ASSIGNED TASK: Extract every line between the one with "Силиконовый чехол для" and the end of the entries, both included, word for word and free of pictures.

*** Opening of RECORDS SUPPLIED ***

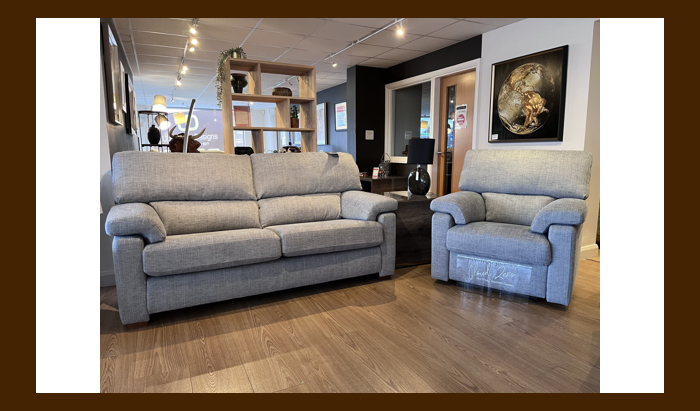 3 Seater Sofa & Power Recliner Chair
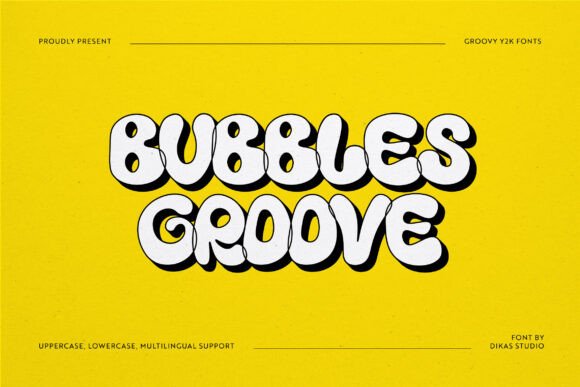 Bringing Playful Energy to Editorial Design with Bubbles Groove Font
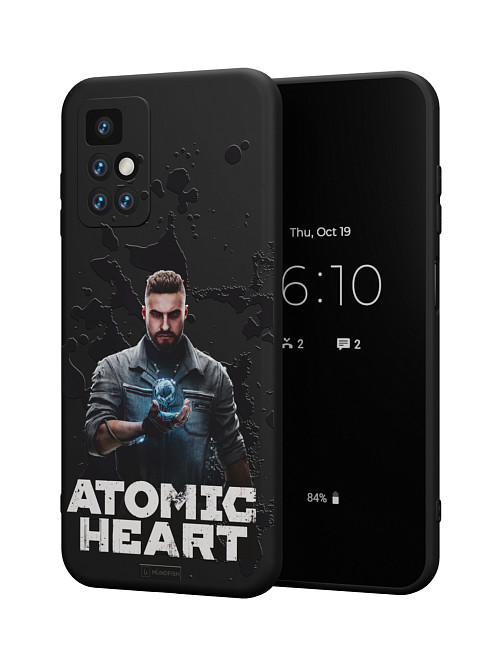 Силиконовый чехол для Xiaomi Redmi 10 "Atomic Heart: Товарищ Нечаев"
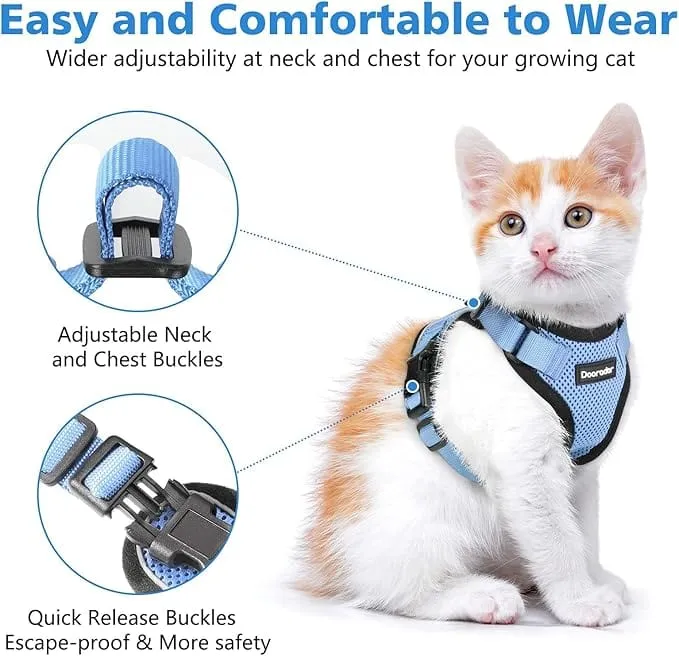 DOORADAR - Cat Harness and Leash Set
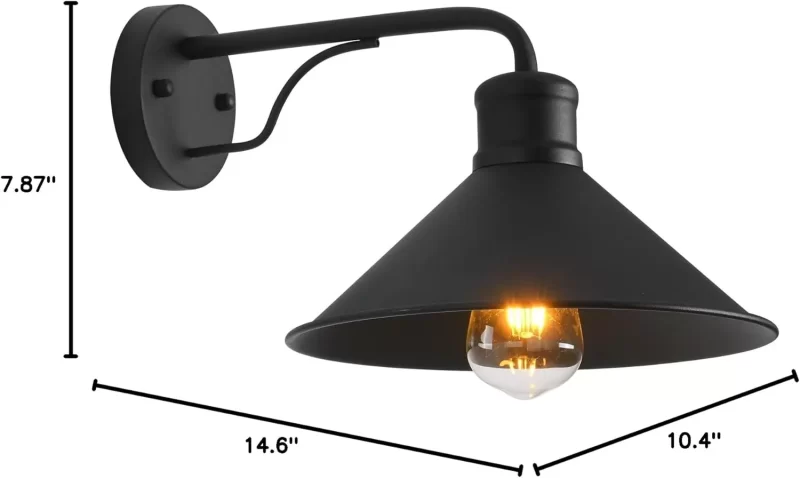 B10004P Outdoor Wall Lights Wall Mount for House, Front Porch Outdoor Wall Light Fixtures Wall Mount, Farmhouse Outdoor Wall Sconce, Classic Barn Lights Outdoor - Image 2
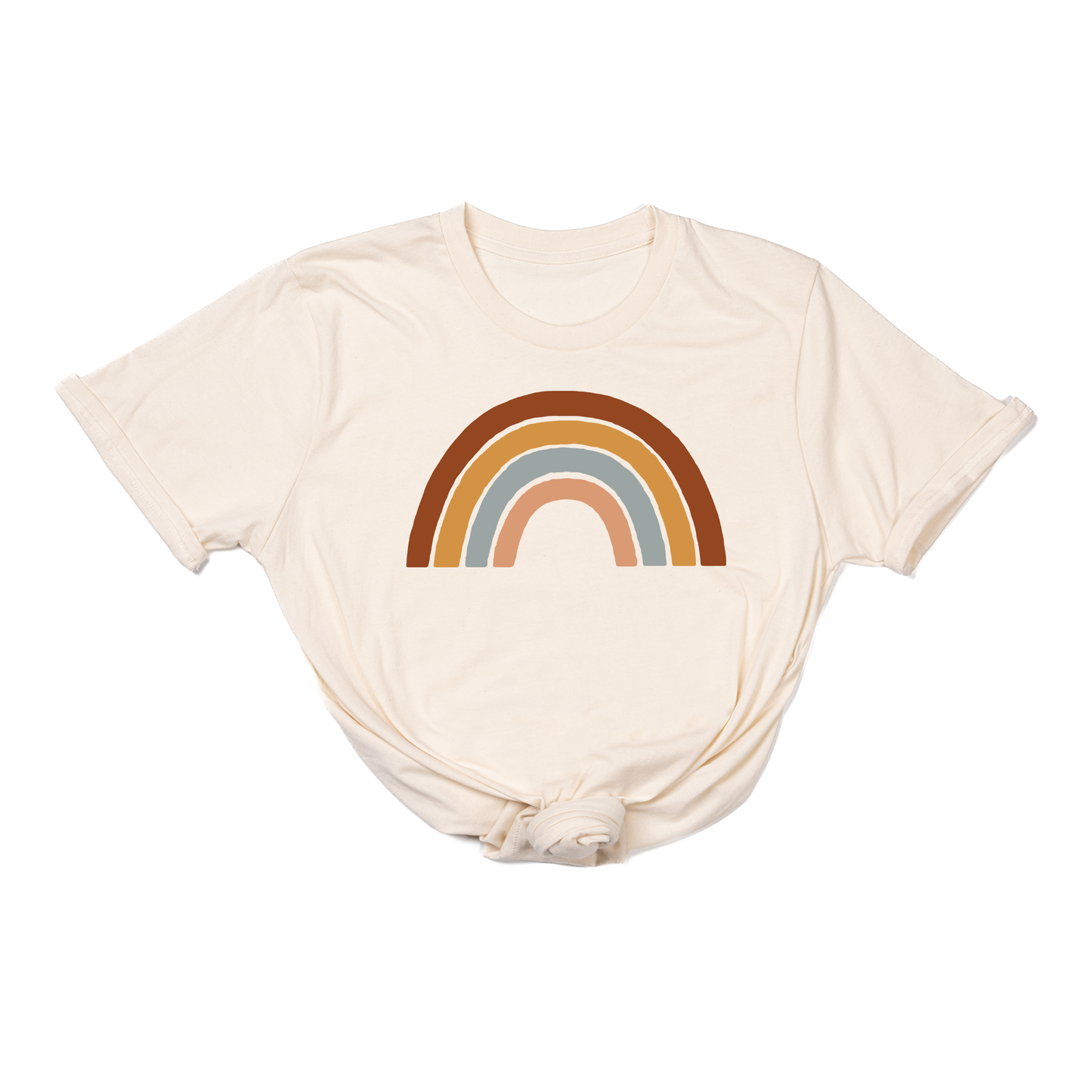 Rainbow (5 Color Options, Color Option #1) - Tee (Natural)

*** Close of RECORDS SUPPLIED ***

TASK RESULT:
 Силиконовый чехол для Xiaomi Redmi 10 "Atomic Heart: Товарищ Нечаев"
 DOORADAR - Cat Harness and Leash Set
 B10004P Outdoor Wall Lights Wall Mount for House, Front Porch Outdoor Wall Light Fixtures Wall Mount, Farmhouse Outdoor Wall Sconce, Classic Barn Lights Outdoor - Image 2
 Rainbow (5 Color Options, Color Option #1) - Tee (Natural)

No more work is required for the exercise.